(Data section Opens)

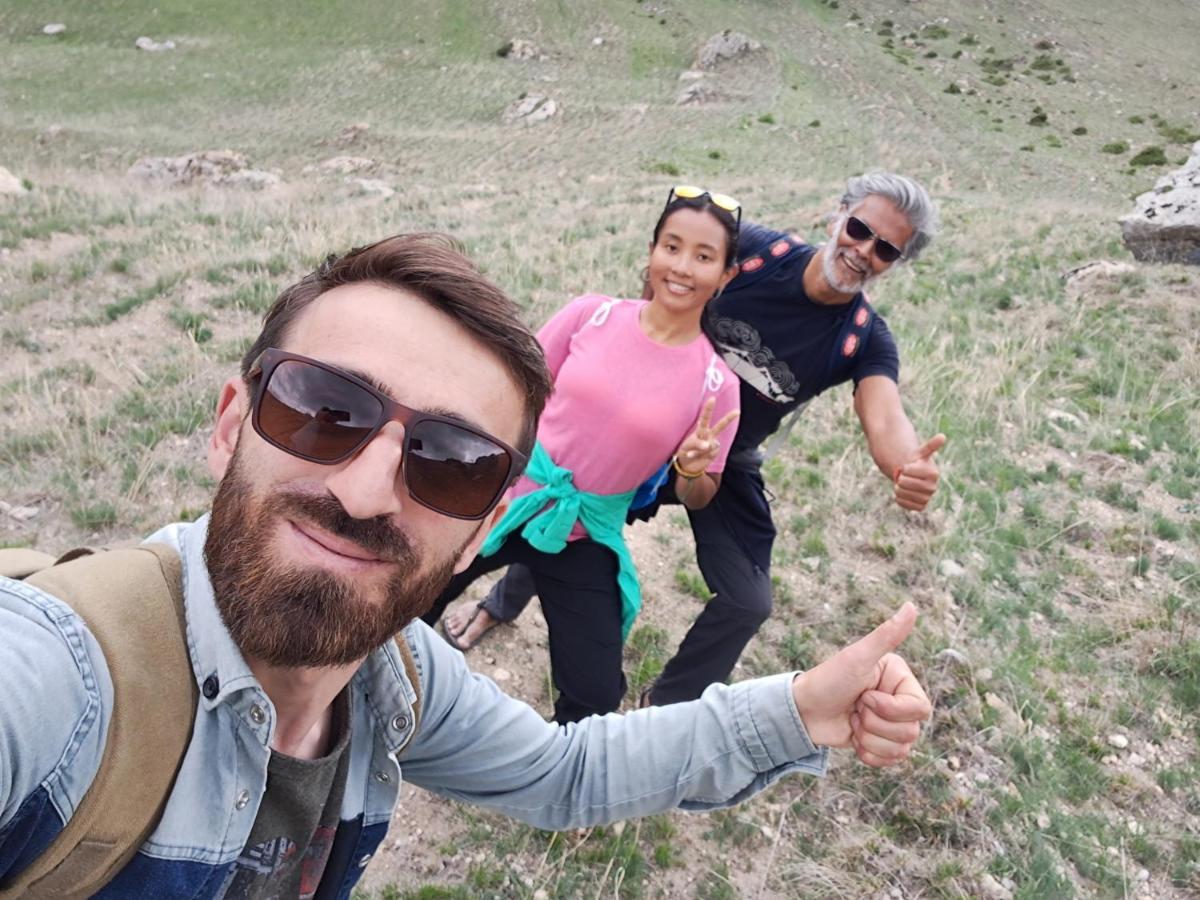 Xinaliq Khinalig Izzet'S Riverside Home Stay 外观 照片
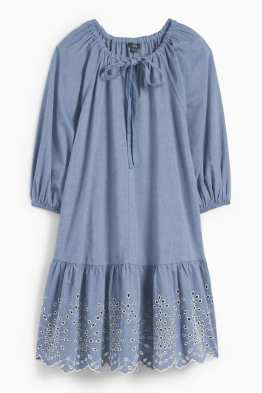Rochie în A - broderie englezească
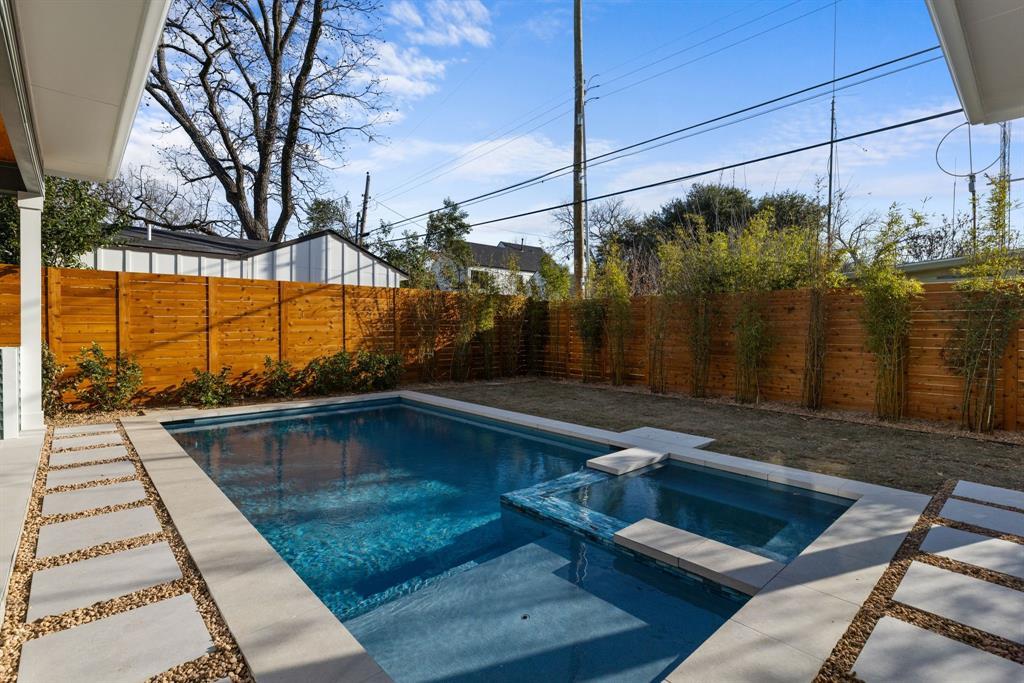 1207 Aggie LN
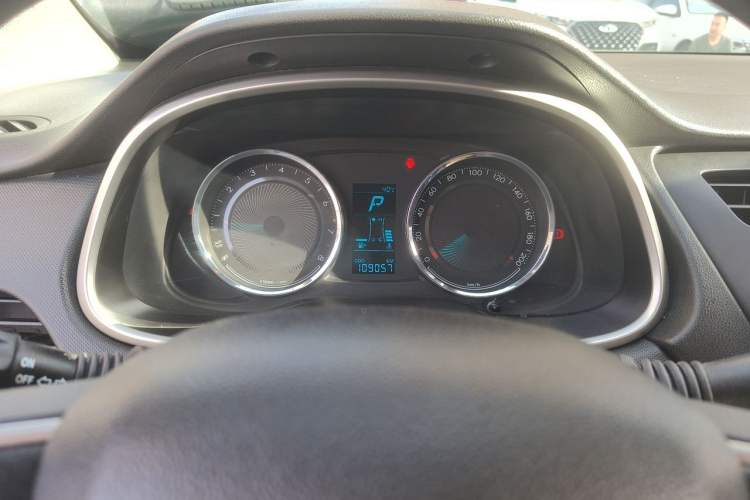 Used Chevrolet Lova RV 2016 1.5L Automatic Smart Drive Edition Instrument Cluster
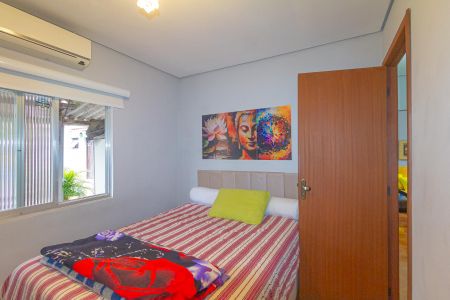 Casa à venda com 190m², 5 quartos e 2 vagas Casa à venda com 190m², 5 quartos e 2 vagasQuarto 1 Casa 2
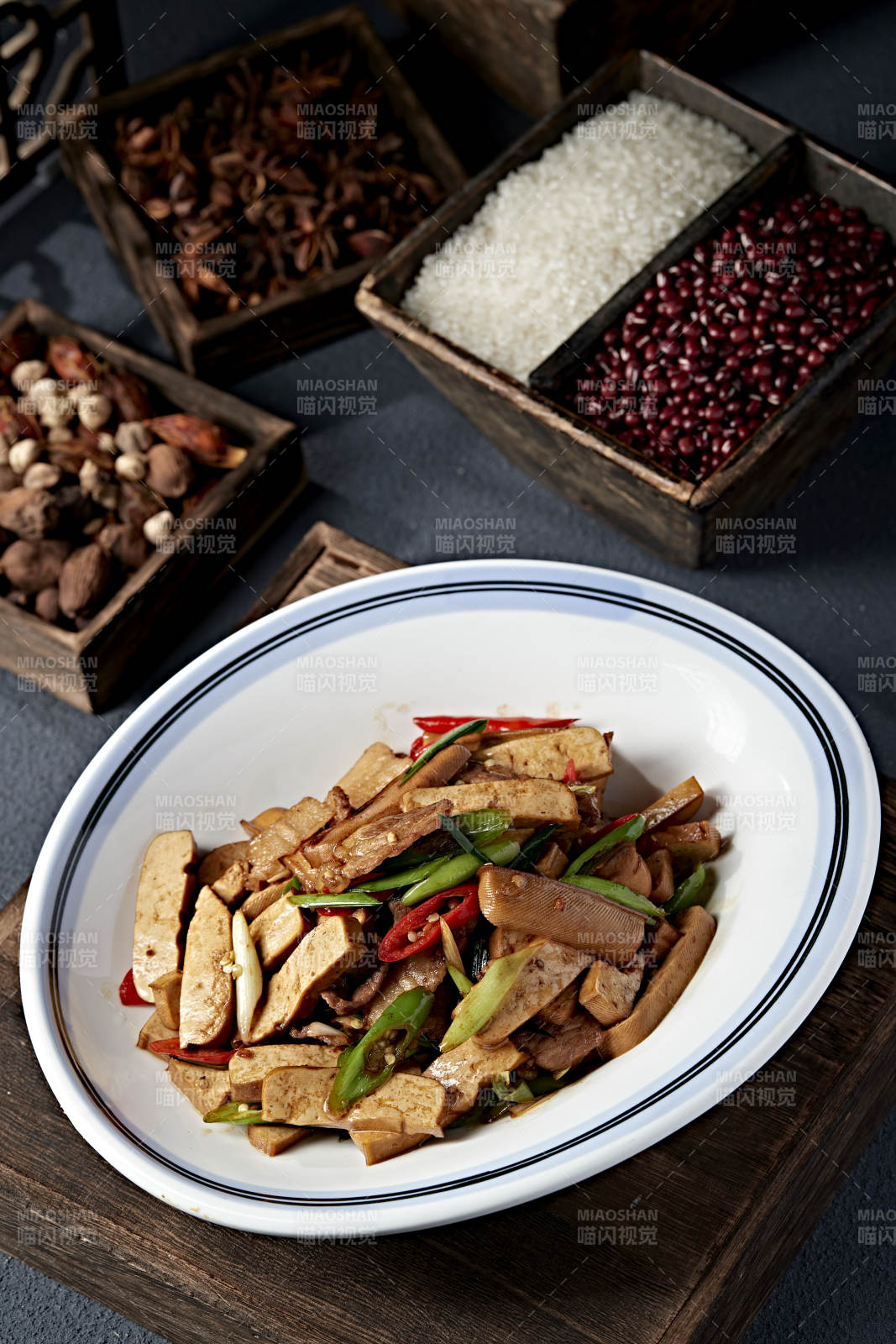 辣椒香干小炒五花肉图片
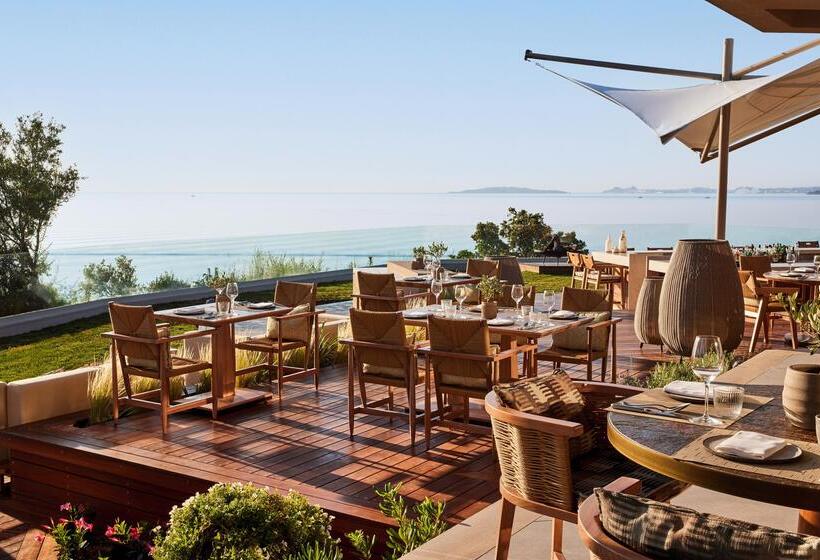 בית מלון כפרי Ikos Odisia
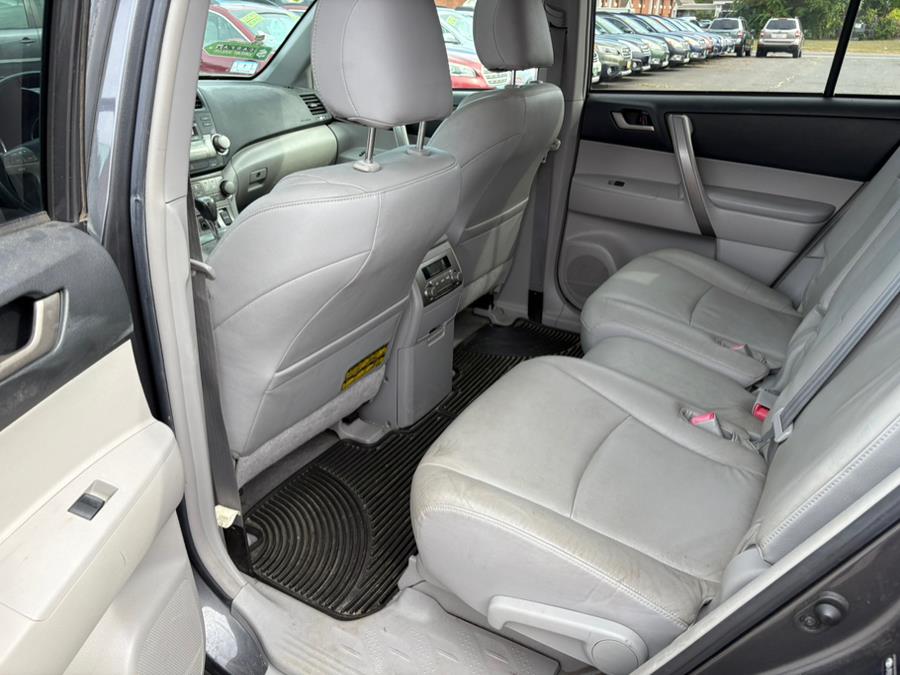 2008 Toyota Highlander 4WD 4dr Sport (Natl), available for sale in East Windsor, Connecticut | CT Car Co LLC. East Windsor, Connecticut 2008 Toyota Highlander 4WD 4dr Sport (Natl), available for sale in East Windsor, Connecticut | CT Car Co LLC. East Windsor, Connecticut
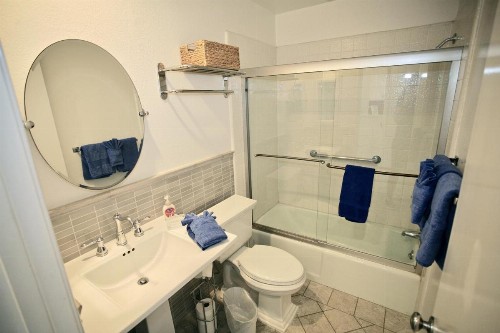 E17 - Sea Haven - image 7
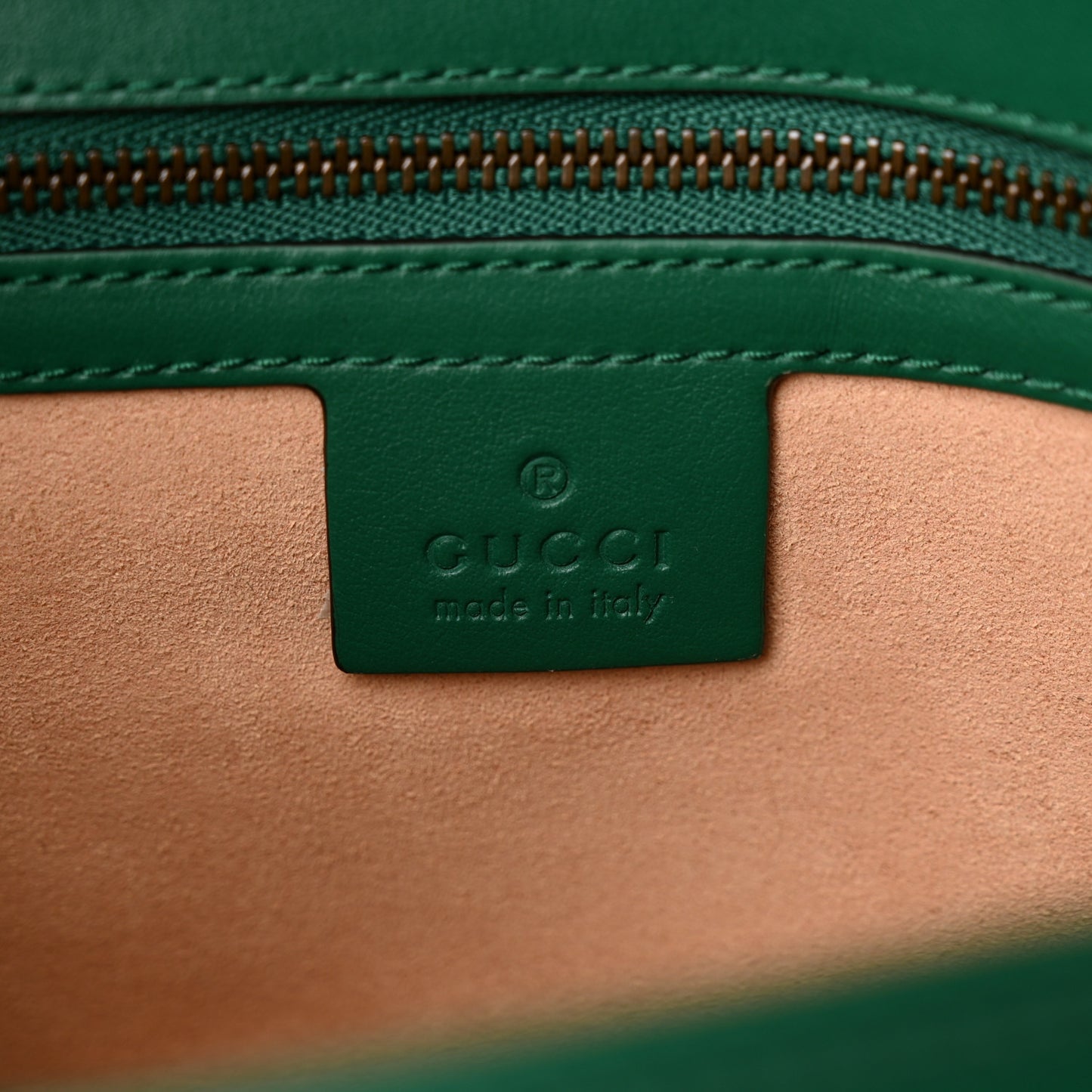 Calfskin Matelasse Small GG Marmont Shoulder Bag Emerald Green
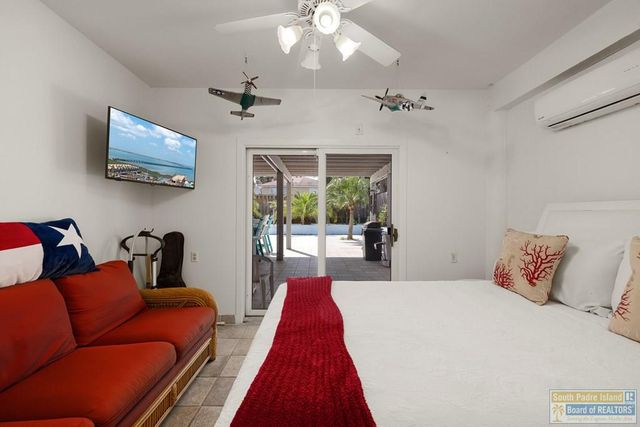 129 E Mars, South Padre Island, TX 78597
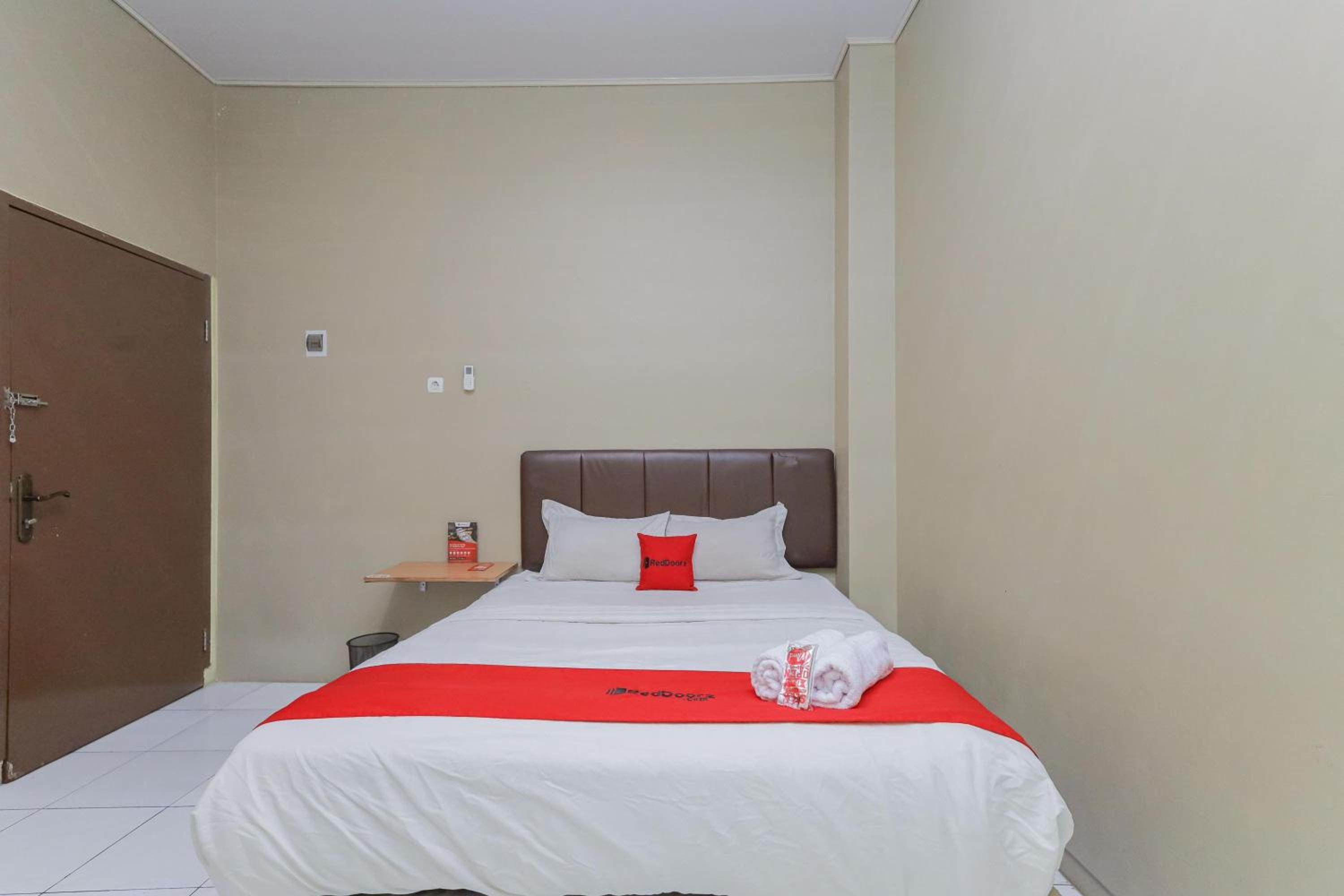 Deluxe Room - Photo 8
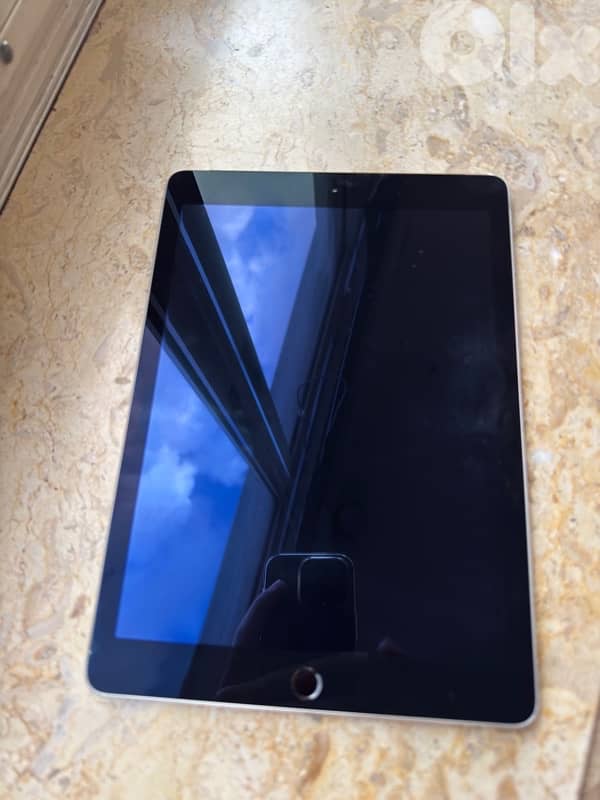 sim card cellular data mint condition 64gb zwro scratches 4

(Data section Closes)

### Task item
Only the words belong in your copy: restate the data above exactly and leave the images out.

### Output
 Xinaliq Khinalig Izzet'S Riverside Home Stay 外观 照片
Rochie în A - broderie englezească
 1207 Aggie LN
 Used Chevrolet Lova RV 2016 1.5L Automatic Smart Drive Edition Instrument Cluster
 Casa à venda com 190m², 5 quartos e 2 vagas Casa à venda com 190m², 5 quartos e 2 vagasQuarto 1 Casa 2
 辣椒香干小炒五花肉图片
 בית מלון כפרי Ikos Odisia
 2008 Toyota Highlander 4WD 4dr Sport (Natl), available for sale in East Windsor, Connecticut | CT Car Co LLC. East Windsor, Connecticut 2008 Toyota Highlander 4WD 4dr Sport (Natl), available for sale in East Windsor, Connecticut | CT Car Co LLC. East Windsor, Connecticut
 E17 - Sea Haven - image 7
 Calfskin Matelasse Small GG Marmont Shoulder Bag Emerald Green
 129 E Mars, South Padre Island, TX 78597
 Deluxe Room - Photo 8
 sim card cellular data mint condition 64gb zwro scratches 4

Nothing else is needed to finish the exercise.